**What needs to be done**
Note on the material below: return exactly the lines from the line that holds "Roy Hobbs 1948 Leaf Custom Card - 3925" through the line that holds "Used 2004 Meritor/Rockwell", and leave out each picture.

**Available data**
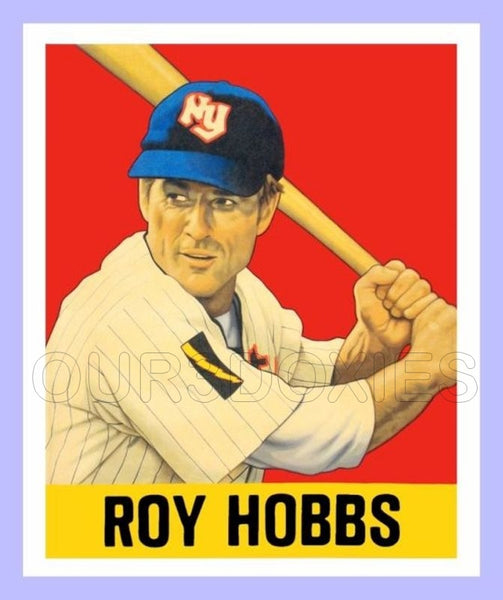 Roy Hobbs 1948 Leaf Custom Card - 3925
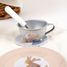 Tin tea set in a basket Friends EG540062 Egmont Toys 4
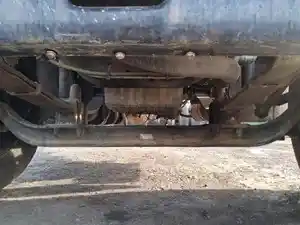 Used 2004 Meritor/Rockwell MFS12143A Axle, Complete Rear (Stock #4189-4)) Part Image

==

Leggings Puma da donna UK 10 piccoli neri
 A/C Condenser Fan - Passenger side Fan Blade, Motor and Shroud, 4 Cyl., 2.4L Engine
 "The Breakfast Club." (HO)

**Task output**
 Roy Hobbs 1948 Leaf Custom Card - 3925
 Tin tea set in a basket Friends EG540062 Egmont Toys 4
 Used 2004 Meritor/Rockwell MFS12143A Axle, Complete Rear (Stock #4189-4)) Part Image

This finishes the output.